El ministro de Relaciones Exteriores, Fernando Aramayo, presentó este lunes los nuevos lineamientos de la política exterior boliviana, que tienen como objetivos fortalecer la soberanía, promover el desarrollo nacional y orientar la diplomacia hacia resultados concretos para la población.
El Canciller señaló que los nuevos lineamientos se sustentan en tres propósitos: comprender el mundo en transformación, construir una nueva acción exterior y desarrollar una diplomacia cuyos resultados puedan ser percibidos por la población.
“La política exterior debe convertirse en un instrumento del desarrollo nacional. Este es el mandato estratégico que inspira los lineamientos que hoy presentamos”, manifestó.

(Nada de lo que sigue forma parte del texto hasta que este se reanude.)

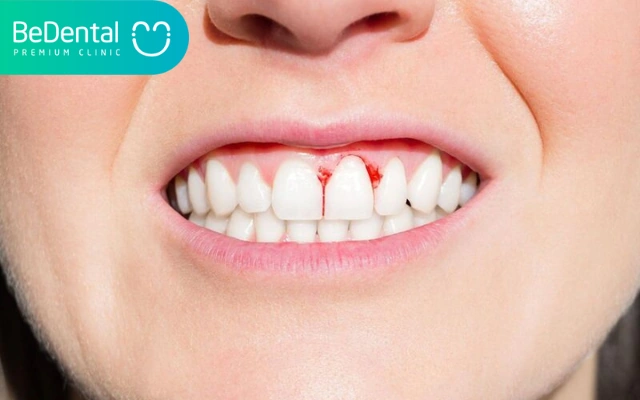 Hình Ảnh Trước & Sau Khi Lấy Cao Răng: Kết Quả Thực Tế, Quy Trình & Lưu Ý Cho Người Đọc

Aramayo indicó que Bolivia requiere una acción exterior “soberana, pragmática, previsible y capaz de producir resultados”, en un escenario internacional marcado por cambios económicos, tecnológicos y geopolíticos.
“El mundo se transforma. Bolivia también debe transformar la manera en la que se relaciona con él”, sostuvo.
Por su parte, el presidente Rodrigo Paz, sostuvo que la política exterior “debe dejar de ser solo representación y convertirse en desarrollo” y afirmó que “Bolivia no debe integrarse, Bolivia debe integrar”.